An exact copy of the records below is required, and it must contain no pictures.

RECORDS:
┄┄┄┄┄┄┄┄┄┄

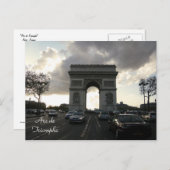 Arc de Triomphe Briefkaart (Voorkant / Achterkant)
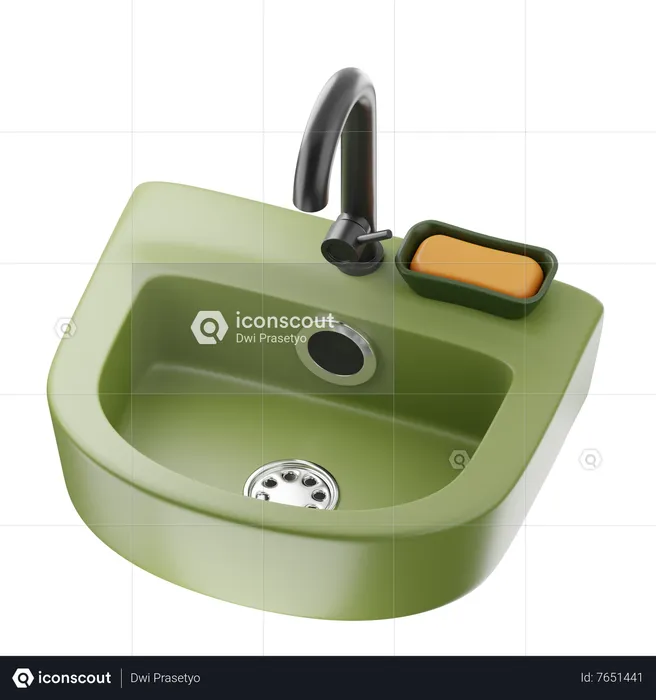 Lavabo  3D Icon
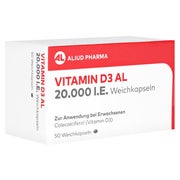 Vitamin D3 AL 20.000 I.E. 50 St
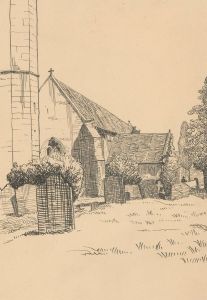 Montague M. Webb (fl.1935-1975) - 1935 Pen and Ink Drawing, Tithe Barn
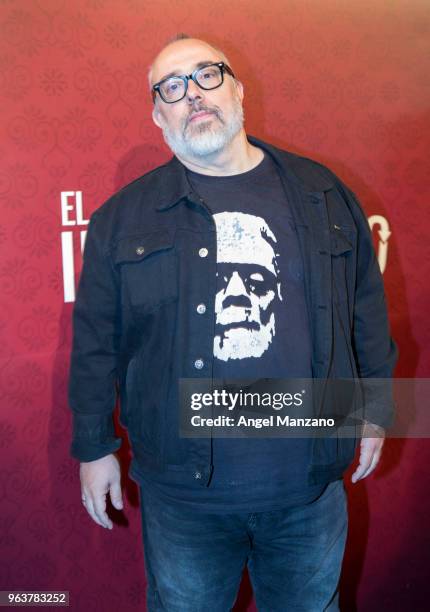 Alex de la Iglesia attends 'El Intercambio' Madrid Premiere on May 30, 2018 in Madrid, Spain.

┄┄┄┄┄┄┄┄┄┄

WRITTEN SOLUTION:
 Arc de Triomphe Briefkaart (Voorkant / Achterkant)
 Lavabo  3D Icon
 Vitamin D3 AL 20.000 I.E. 50 St
 Montague M. Webb (fl.1935-1975) - 1935 Pen and Ink Drawing, Tithe Barn
 Alex de la Iglesia attends 'El Intercambio' Madrid Premiere on May 30, 2018 in Madrid, Spain.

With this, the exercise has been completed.